The computer 228 can be capable of wireless communication with a network, e.g., Internet. The computer 228 can include a port for network connection. The network connection port can be exposed to the user at various locations of the cart 10, e.g., the backbone 24, the neck 62, the work surface 20, or the power connection module 38. Data, e.g., imaging data or processed imaging data can be transferred to a desired location for storage or further analysis using these communication protocols.
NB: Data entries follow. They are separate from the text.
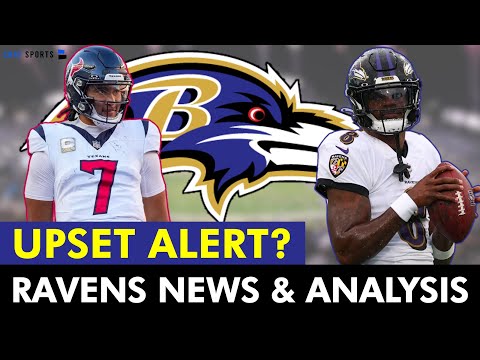 Ravens Rumors: Baltimore On UPSET ALERT vs. Texans? Can The Ravens STOP C.J. Stroud?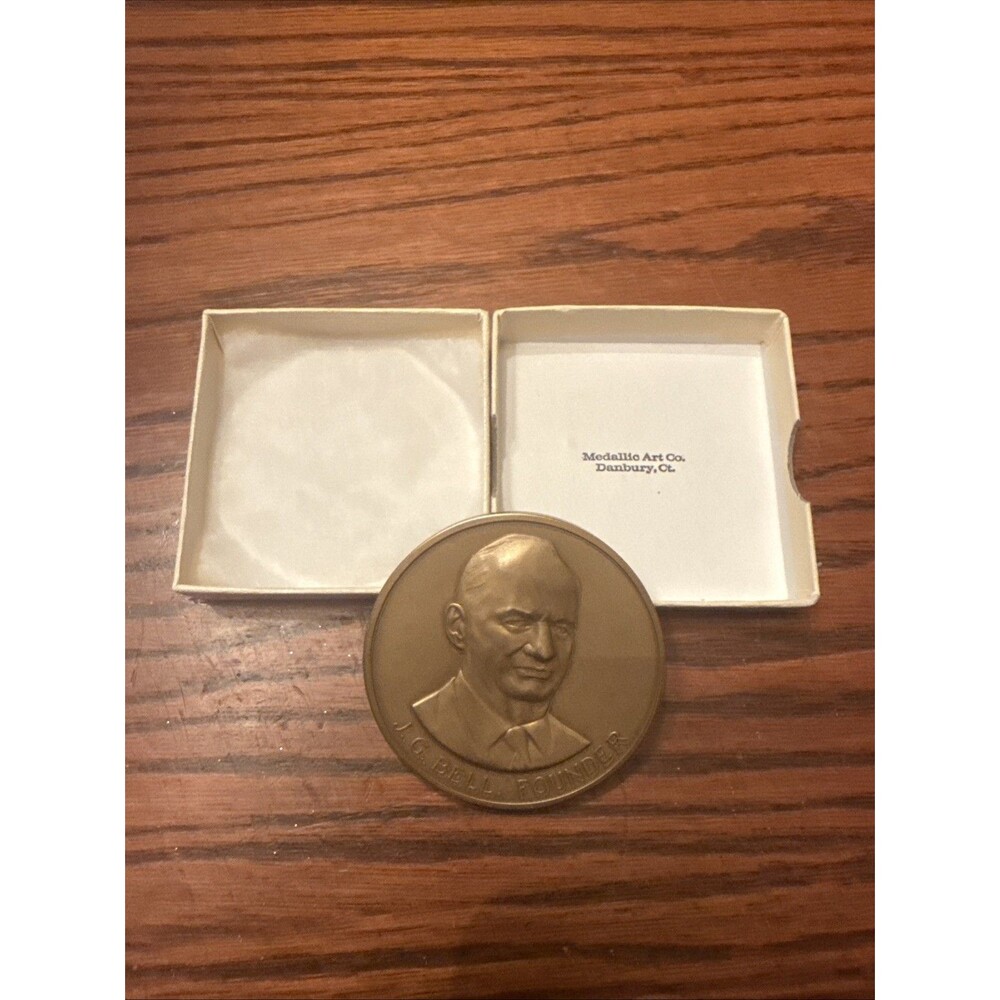 Vintage Bonne Bell Cosmetics Co. 50th Anniv bronze Medal Unique Ad Medallic Art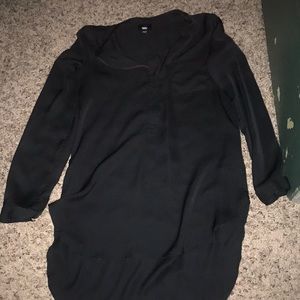 Black long sleeve blouse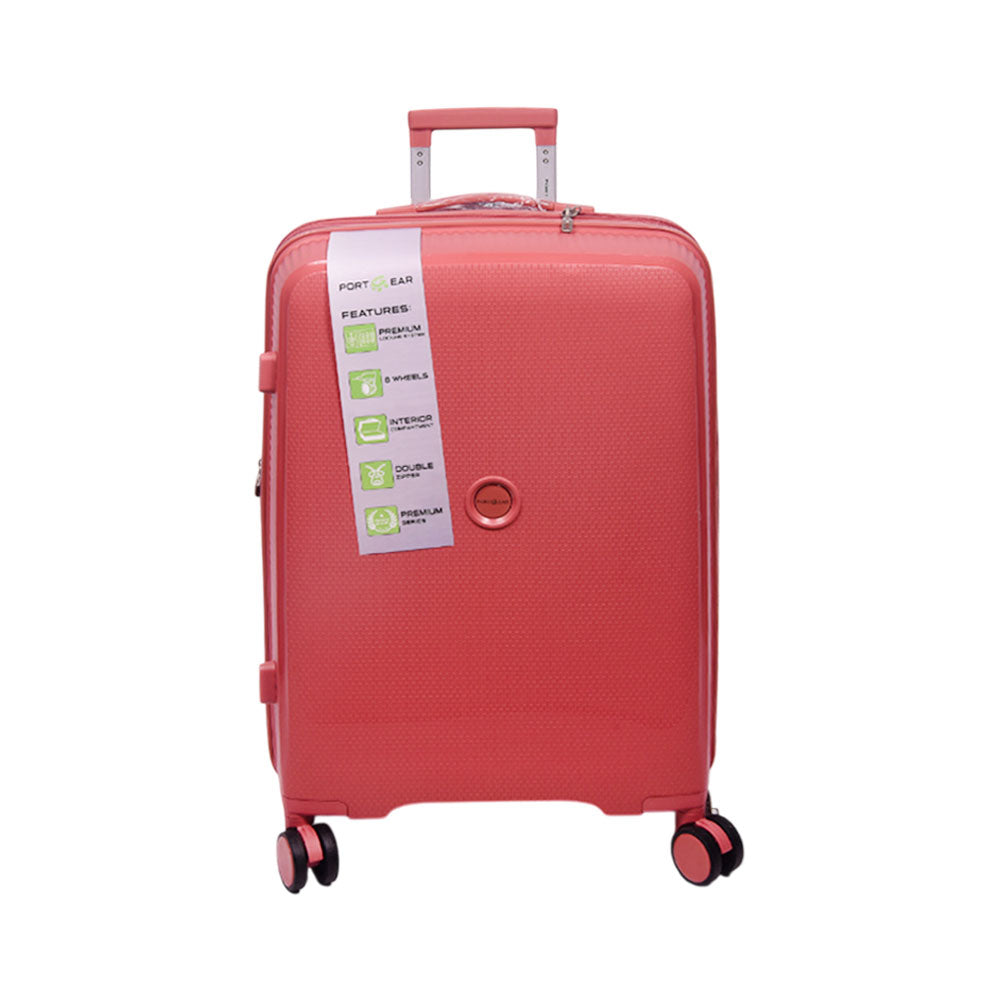 PORT GEAR TROLLEY CASE 24INCH ROSE GOLD BELMONTE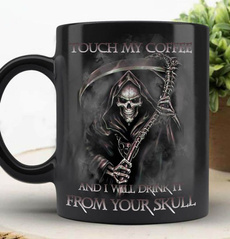 wishmug, Coffee, Ceramic, skull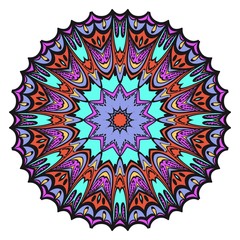 Vector mandala, Floral mandala. Oriental mandala. Vintage decorative elements. Vector illustration. It is super vector illustration.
The card receptacle 18 and/or the cradle 86 and the hanger 88 can be placed at different locations from what is shown in the figures. More drawers can be included in the workstation 19. The work surface 20 can be smooth or separated into patterns or grids. The backbone 24 can be in shapes other than what is shown in the figures.
More than one card receptacles 18 can be placed on the work surface 20. In some implementations, two storage cards that contain diagnosis data taken at different times can be read simultaneously by the card receptacles and displayed on the monitor 28, e.g., for comparison.
Other polymers suitable for use in medical devices can be used for the various components of the cart 10.
A wide variety of different kinds of equipment for different medical purposes can be included on the cart.